An interesting article, and makes perfect sense. Why would a 21 year old go into the haulage industry, hard physical graft ( at times anyway). They can make money sitting on their arses at home. Even a career out of it.
When it comes to truck driving, big brother watches every move. Telematics system,cctv, Joe public armed with camera phones! Generally hated by everyone.
Bit like us bus drivers!

RogerOut:
An interesting article, and makes perfect sense. Why would a 21 year old go into the haulage industry, hard physical graft ( at times anyway). They can make money sitting on their arses at home. Even a career out of it.
When it comes to truck driving, big brother watches every move. Telematics system,cctv, Joe public armed with camera phones! Generally hated by everyone.
Bit like us bus drivers!

Agree, interesting article, but a bit nostalgic and rose tinted glasses. All a bit - ‘When I were a lad’

Nevertheless, I would not recommend this industry to anyone, a 21 year old or otherwise.

Everything changes, you don’t have to like it.
What you do is find your own niche in the industry where you can take out of the job what you enjoy as best you can, and where the downsides are minimal.

It isn’t all doom and gloom, but neither is everything wonderful either, you find the job in the sector that you enjoy with a company that values you and rewards you accordingly and you do your best to make the job a success.

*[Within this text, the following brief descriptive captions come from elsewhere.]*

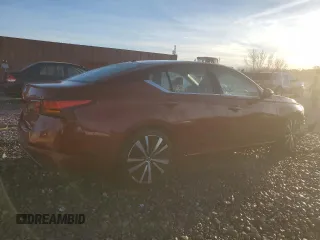 2020 Nissan Altima SR with VIN 1N4AL4CV6LC138418, listed as a Copart auction lot 83537514 with 139,674 mi miles and Salvage Title. Bid and sale history available at carsss.com. Image 3.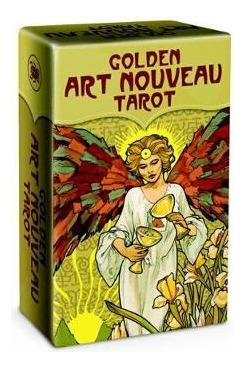 Golden Art Nouveau Tarot  - Giulia F. Massaglia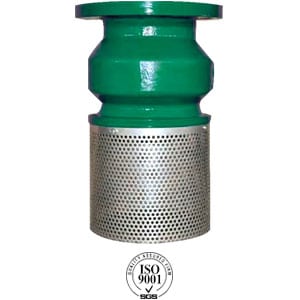Foot-valve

If someone has the right temperament and ability to make a good long term career (for want of a better word) out of lorrying, then i would encourage any decent minded youngsters to seriously consider joining up.
The job has never been right for glass half empty people, it’s a way of life you either suit or you don’t.

Juddian:
Everything changes, you don’t have to like it.
What you do is find your own niche

I’d guess that at least 80% of those wishing to enter the industry want to do it for the same reasons that he did the adventure and freedom of travelling to far flung destinations.
So it’s obviously not a ‘niche’ that all those are looking for or at least it shouldn’t be.It’s what we should expect the industry to be able to provide just as it’s now doing for East Euro based drivers.
But then he goes back to the hypocrisy that it was ok for ‘him’ to start out on that type of work obviously with no ‘experience’, but the same privilege that he was given should be denied to others.
They supposedly have to take all the zb to ‘get their experience’ which for most still won’t cut it they’ll just be type cast with it.Thereby reserving the best jobs for those like him.
As such what he wrote is part of the problem not the solution.Prospective new entrants have seen through the hypocritical agenda that he is clearly advocating.